Despite great leaps in solar panel technology, the biggest obstacle hindering their widespread use is quite pedestrian: stubbornly high installation costs. While the cost of panels has dropped by half since 2007, total installation costs, which include panels, labor and additional equipment, declined just 20% over the same period. Charlie Korman, manager of Solar Energy programs at GE’s Global Research Center, in Niskayuna, New York, says that for the market to take off “we need to get to the point where people can buy the system without relying on subsidies.”

Korman is working hard to get there. He and his team of GE engineers have developed a system that aims to bring installation costs from the current $6.50 per watt to just $3. At that price, the savings provided by the panels would more than offset the expense of mounting them on the roof.

Korman’s solution is elegantly simple. “Right now, solar panel arrays are essentially high-voltage systems,” he says. In such a system, the panels are linked in a row like rail cars and feed 600 volts or more into a single high-voltage cable. To handle all this voltage, home owners must hire specially trained installation workers, buy equipment switching the direct electrical current generated by the panels to the 120-volt alternating current used by most home appliances, and install special wiring.

GE Engineers Neil Johnson and Christian Wagner from Korman’s team assemble a solar panel array.

But GE’s engineers have found a solution to get around this problem and do it cheaply.
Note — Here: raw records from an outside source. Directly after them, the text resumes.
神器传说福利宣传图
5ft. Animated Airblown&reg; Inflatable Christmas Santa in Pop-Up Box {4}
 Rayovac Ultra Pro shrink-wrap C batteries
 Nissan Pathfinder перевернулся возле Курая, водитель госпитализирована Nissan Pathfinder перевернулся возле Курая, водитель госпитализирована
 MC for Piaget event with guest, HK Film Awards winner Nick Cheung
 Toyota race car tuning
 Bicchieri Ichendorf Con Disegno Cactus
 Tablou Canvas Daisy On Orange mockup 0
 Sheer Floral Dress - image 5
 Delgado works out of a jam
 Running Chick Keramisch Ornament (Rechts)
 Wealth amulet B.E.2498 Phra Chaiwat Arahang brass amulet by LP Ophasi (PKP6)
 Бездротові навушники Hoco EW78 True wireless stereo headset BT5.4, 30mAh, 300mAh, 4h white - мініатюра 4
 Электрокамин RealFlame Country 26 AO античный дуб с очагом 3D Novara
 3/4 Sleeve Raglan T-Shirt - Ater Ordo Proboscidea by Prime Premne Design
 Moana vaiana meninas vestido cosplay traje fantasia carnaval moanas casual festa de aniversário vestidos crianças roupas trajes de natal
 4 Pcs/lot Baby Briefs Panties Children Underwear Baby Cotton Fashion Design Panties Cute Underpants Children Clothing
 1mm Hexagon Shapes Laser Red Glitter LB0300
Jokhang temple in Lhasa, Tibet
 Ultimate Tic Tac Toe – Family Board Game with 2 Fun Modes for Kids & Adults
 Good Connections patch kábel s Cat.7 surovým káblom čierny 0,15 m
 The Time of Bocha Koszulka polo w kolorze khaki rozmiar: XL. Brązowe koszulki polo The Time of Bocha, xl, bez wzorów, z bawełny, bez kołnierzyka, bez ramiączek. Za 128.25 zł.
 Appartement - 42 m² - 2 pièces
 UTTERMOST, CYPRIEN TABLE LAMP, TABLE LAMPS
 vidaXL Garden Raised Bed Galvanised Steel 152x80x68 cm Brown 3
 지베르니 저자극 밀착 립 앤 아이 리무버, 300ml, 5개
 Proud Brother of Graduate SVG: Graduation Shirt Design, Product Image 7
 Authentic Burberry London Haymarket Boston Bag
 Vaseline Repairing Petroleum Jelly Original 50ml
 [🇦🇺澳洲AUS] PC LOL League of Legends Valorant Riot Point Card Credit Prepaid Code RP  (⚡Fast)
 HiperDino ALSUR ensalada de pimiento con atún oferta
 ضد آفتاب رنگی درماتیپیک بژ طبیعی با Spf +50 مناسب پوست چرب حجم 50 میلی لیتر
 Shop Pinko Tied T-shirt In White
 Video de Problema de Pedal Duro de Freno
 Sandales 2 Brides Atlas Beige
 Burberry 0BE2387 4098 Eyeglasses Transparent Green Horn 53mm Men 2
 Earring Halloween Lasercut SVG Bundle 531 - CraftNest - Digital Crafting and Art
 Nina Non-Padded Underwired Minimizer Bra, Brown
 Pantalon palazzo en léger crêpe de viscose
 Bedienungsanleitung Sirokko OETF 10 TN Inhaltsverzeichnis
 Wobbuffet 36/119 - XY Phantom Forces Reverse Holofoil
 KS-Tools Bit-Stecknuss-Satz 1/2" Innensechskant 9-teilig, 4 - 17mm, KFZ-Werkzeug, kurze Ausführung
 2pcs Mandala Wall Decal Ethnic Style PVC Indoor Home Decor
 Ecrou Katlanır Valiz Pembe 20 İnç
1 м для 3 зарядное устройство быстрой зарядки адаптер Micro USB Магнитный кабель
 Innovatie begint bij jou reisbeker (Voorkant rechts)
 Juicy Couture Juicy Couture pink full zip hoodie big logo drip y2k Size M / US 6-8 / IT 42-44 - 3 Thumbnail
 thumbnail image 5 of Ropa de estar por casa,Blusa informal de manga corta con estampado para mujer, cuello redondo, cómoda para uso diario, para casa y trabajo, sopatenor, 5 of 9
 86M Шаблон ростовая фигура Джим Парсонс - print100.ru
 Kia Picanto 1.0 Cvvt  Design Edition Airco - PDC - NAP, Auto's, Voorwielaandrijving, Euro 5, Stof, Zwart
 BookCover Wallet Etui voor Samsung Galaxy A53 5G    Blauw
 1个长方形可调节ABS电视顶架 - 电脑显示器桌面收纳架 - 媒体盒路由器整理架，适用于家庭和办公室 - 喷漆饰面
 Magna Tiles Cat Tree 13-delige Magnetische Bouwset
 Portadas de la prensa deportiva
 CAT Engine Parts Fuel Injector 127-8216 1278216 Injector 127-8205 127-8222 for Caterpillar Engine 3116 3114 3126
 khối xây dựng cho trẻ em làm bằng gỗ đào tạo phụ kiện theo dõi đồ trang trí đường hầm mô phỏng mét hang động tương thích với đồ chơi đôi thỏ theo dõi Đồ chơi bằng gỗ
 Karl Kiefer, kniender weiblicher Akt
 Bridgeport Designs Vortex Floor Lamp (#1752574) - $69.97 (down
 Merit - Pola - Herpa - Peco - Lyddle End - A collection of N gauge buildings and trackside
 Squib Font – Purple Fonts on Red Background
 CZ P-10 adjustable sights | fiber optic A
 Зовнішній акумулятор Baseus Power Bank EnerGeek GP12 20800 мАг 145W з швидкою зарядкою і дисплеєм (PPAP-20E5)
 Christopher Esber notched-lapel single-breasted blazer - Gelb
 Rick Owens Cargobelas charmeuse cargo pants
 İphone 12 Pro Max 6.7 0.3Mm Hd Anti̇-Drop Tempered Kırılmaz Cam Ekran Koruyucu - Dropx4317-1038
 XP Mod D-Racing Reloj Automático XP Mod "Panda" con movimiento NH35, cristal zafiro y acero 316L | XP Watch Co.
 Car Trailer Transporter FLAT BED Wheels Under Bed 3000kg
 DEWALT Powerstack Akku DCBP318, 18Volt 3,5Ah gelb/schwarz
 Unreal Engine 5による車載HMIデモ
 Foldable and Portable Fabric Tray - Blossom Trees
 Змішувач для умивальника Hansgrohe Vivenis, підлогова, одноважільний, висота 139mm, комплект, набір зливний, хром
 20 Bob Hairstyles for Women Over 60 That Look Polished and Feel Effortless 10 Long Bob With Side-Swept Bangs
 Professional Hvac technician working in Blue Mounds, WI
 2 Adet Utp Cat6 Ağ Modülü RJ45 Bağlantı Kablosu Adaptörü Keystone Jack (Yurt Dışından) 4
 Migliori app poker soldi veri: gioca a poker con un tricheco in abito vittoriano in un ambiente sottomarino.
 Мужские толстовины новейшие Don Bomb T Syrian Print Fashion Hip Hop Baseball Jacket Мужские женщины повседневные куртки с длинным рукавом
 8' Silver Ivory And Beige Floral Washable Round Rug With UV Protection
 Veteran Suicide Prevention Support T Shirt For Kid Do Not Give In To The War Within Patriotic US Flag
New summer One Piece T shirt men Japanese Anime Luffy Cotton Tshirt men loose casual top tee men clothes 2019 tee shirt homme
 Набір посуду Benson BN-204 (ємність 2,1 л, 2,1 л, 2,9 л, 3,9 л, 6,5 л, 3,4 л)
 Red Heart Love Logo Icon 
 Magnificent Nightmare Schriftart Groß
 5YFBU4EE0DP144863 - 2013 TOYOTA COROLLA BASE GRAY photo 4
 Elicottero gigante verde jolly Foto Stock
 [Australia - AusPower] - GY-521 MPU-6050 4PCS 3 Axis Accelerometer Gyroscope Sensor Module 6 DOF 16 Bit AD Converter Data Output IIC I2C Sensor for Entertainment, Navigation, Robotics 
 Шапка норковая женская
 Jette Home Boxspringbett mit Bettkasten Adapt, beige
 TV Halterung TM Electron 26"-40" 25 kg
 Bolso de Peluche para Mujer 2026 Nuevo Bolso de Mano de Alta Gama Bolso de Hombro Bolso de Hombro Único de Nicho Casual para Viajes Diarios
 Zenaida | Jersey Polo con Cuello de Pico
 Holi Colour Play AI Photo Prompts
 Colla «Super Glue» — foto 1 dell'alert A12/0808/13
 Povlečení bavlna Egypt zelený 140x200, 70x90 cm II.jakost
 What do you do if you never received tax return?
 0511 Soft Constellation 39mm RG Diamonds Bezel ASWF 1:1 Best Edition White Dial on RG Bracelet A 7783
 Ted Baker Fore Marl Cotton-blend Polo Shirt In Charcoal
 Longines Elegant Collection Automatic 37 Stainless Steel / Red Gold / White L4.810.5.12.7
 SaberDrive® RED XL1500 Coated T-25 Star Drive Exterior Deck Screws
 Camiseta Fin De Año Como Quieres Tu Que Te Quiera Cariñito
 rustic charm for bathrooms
They’ve built solar panels that can be linked in such a way that the output is socket-ready alternating current. They’ve also designed a standard installation kit so that the array can be assembled by an ordinary roofing contractor in half a day, as opposed to the two days it takes at the present. Korman says that the system has 60% fewer components than the current high-voltage kits. His goal is to slash installation costs by half and cut energy waste. “It’s is going to be good for 25 years,” he says.

GE has built a working prototype of the system and Korman’s engineers are exploring next commercial steps with other GE businesses.